Dataset entries:

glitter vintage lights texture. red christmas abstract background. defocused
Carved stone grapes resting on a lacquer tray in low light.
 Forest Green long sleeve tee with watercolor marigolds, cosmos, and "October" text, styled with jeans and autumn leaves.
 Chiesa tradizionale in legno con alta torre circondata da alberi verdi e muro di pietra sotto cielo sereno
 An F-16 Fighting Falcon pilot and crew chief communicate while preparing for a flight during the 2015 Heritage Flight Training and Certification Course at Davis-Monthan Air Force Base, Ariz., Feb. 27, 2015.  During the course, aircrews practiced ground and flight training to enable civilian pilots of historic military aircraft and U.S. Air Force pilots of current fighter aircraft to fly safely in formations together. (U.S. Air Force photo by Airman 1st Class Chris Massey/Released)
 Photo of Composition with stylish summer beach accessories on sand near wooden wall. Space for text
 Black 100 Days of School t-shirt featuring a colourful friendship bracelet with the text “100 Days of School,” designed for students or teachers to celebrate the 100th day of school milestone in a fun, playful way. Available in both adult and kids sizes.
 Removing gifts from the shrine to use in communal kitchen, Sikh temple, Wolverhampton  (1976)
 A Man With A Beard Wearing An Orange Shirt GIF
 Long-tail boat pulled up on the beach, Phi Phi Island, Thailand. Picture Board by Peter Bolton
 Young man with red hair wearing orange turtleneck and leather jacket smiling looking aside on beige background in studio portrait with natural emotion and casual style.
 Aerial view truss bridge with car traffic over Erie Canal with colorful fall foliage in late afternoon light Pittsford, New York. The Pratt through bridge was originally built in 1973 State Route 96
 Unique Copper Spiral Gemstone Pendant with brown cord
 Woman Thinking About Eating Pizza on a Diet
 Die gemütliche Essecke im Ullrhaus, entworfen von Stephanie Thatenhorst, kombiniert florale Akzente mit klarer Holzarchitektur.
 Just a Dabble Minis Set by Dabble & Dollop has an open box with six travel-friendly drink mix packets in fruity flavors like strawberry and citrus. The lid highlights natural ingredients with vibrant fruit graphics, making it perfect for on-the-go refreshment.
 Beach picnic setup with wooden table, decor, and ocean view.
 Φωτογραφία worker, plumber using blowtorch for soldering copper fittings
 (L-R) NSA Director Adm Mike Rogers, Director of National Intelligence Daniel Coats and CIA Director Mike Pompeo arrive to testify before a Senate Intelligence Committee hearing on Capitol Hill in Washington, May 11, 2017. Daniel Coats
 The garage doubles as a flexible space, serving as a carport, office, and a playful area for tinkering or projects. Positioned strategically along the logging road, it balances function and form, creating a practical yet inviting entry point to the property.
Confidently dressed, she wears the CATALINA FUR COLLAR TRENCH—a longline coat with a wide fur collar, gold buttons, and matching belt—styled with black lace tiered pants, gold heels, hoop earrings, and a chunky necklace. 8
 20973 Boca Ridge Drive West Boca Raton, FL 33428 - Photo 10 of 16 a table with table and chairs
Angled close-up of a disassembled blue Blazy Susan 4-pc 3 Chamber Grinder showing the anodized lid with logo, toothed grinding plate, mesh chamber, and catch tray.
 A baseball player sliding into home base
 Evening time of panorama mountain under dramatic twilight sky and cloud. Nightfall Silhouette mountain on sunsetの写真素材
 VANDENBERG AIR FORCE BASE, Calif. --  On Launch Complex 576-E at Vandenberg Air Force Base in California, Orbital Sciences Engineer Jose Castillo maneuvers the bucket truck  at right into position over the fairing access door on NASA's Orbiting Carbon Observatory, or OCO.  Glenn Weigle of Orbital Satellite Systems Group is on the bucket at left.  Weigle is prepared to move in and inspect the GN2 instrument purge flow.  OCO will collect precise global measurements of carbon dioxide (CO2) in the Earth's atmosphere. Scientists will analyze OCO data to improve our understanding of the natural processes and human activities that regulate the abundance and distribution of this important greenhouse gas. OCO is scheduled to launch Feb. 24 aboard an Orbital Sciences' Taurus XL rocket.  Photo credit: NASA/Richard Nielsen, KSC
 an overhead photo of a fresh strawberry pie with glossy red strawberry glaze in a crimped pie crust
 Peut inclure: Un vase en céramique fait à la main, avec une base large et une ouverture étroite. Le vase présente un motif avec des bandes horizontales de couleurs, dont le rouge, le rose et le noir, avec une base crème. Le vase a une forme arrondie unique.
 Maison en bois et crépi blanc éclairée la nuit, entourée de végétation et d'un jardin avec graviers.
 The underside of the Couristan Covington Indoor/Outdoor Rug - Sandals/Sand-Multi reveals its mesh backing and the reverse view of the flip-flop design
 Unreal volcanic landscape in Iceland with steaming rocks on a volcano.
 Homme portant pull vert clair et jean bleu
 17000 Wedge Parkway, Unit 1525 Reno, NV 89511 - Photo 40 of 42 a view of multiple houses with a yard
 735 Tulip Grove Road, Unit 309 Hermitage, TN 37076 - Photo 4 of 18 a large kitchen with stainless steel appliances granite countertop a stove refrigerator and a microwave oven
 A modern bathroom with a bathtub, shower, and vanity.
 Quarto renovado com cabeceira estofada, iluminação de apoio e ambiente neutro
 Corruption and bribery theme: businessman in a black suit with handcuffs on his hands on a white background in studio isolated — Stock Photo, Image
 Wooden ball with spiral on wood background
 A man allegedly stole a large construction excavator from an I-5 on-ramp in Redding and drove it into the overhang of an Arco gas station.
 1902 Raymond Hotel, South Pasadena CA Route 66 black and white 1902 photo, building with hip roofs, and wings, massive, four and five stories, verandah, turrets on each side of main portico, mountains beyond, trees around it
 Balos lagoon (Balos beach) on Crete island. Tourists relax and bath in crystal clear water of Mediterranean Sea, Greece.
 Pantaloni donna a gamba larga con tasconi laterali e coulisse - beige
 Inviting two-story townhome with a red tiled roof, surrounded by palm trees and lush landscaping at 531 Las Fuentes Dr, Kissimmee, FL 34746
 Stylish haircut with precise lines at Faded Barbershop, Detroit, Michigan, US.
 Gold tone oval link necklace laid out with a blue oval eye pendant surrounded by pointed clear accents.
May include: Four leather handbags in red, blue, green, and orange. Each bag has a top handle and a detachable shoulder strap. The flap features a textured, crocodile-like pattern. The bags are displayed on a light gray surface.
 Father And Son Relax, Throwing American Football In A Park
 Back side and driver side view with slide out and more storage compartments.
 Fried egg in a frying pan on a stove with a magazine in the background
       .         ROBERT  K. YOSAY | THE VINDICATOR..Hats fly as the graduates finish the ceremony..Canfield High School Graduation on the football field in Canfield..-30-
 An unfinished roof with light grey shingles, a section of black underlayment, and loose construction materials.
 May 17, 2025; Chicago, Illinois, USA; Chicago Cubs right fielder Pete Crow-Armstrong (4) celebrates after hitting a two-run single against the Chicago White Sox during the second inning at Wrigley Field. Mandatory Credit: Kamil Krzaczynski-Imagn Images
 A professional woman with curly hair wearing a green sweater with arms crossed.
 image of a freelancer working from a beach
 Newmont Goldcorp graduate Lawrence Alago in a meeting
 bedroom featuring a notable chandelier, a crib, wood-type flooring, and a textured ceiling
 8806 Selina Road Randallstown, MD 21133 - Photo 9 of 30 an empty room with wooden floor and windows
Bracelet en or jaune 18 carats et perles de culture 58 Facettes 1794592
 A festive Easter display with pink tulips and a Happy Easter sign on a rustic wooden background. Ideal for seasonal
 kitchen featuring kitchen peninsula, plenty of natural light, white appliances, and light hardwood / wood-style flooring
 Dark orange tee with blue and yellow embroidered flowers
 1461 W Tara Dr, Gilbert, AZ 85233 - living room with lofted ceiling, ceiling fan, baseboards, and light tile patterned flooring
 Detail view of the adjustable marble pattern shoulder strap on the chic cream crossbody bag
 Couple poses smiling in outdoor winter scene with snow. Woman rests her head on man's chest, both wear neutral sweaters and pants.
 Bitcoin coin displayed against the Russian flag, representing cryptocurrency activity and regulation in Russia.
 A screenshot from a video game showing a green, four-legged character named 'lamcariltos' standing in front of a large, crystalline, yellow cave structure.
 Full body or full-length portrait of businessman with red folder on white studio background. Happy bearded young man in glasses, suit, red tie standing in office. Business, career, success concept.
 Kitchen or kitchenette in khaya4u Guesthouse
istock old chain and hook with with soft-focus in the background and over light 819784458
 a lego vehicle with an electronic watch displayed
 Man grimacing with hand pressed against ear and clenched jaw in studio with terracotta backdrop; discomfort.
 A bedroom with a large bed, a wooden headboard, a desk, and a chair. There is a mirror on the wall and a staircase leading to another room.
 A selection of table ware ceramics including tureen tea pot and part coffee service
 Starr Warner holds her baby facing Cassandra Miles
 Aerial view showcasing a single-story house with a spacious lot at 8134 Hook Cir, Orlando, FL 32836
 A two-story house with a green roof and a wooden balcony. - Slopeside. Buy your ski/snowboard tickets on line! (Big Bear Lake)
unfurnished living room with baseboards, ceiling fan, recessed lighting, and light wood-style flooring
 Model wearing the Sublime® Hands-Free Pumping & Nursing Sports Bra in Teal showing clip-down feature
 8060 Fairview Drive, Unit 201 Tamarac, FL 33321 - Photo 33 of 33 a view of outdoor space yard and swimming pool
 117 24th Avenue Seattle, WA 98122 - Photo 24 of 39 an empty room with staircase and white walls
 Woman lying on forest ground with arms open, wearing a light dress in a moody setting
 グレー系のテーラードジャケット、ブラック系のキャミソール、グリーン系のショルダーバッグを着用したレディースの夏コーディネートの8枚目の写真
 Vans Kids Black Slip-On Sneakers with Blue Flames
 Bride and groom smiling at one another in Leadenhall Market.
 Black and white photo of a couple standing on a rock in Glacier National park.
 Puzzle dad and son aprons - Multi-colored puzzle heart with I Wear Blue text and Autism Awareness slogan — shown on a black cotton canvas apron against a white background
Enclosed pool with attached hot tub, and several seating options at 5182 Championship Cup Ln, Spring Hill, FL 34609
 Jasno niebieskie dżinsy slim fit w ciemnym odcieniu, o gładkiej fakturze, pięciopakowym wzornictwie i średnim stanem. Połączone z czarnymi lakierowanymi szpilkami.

What is needed: Check each line of the data above for the string "yard", then report how many lines have it, with no other words.

Answer space: 2